LEWAS Impact




The 1-7 Approach



To Successful Diversity Initiatives


By Denise Mannix, President, Lean In Network Energy;


Founder and CEO, Equity In Leadership

In discussing diversity and diversity initiatives, I’d like to start with two energy-specific references – fuel additives and additive manufacturing.

How can these two seemingly unrelated topics be discussed in the same breath as diversity, I hear you ask? They can be!
For fuel additives in O&G we voraciously digest information about them as performance enhancers, capability improvers, and efficiency maximizers. With the adoption of additive manufacturing in O&G’s complex machinery evolution, we bemoan its slow uptake.

So, how do these two examples reference diversity? Easily! Diversity benefits are often illustrated with the same descriptors as fuel additives, and the diversity road has been as agonizingly slow-going as that of additive manufacturing. Let’s be clear.

Diversity is the much-needed additive to the people component of the complex performance and productivity machine that is an organization. Diversity,
like a fuel additive is an acknowledged performance enhancer, capability improver, and efficiency maximizer, and like additive manufacturing it creates innovation and disruption, with the ability to drive organizational value.
The question remains (and many of us have repeatedly asked) with the enhancing, improving and maximizing contributors of diversity, why is the uptake of the “technology of diversity” so slow? See the relevance of the comparisons?

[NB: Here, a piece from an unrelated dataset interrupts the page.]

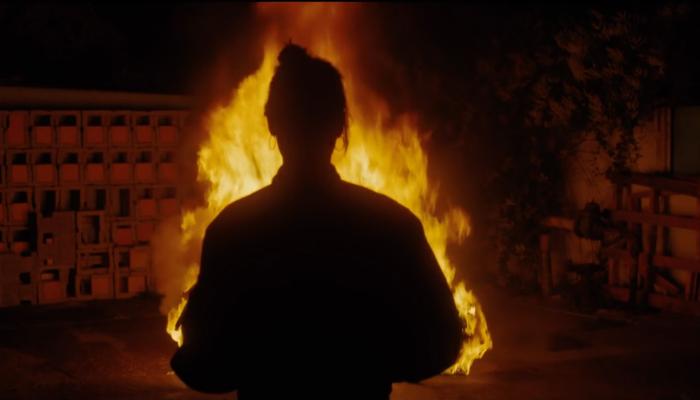 Zac Samuel, Moon Willis ft. Taya 'Never Letting Go' by Courtney Phillips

One study published over 15 years ago, has relevance today for organizations when influencing for efficacy, strategy setting, decision-making, and establishing measures. The study examined the effects of seven typical diversity programs (including the often-unpopular affirmative action plans which assign responsibility for compliance). My summary of this:
This study pointed out several relevant and associated strategy and tactical design precepts based on organizational psychology:
1
Executives must appoint specialists with authority to achieve specialized goals
2
Initiatives disassociated from everyday practice have no effect
3
Focusing on individual responsibility is less effective than establishing responsible parties
4
Selecting special staff members and committees to reconsider recruitment, succession planning, and promotion structures is more efficacious than manager training in bias
5
Understanding that networking and mentoring programs offer a collective solution but are merely a “fix” for individual employees
This 1-7 approach then, offers a reference of methodology against current diversity investment. Studies such as those referred to here also suggest that a better understanding of cognitive dissonance; participation by invitation; business practices to generate contact between and across groups; and, use of social accountability practices, would assist to redress the lack of efficacy in standard diversity initiatives and develop preferred diverse organizational cultures while increasing diversity velocity and traction.”

It should be clear there is no quick-fix program or policy, mandated or off-the-shelf. Diversity is a sophisticated beast that many are realizing is not and cannot be a check-the-box facility without the regard of intent or with less sophistication than the issue itself. The call is to boards, executives and HRD to be more strategic and self-conscious in their respective responsibility to diversity, bringing to their organizations the benefits of this critical additive and ensuring its speed to adoption!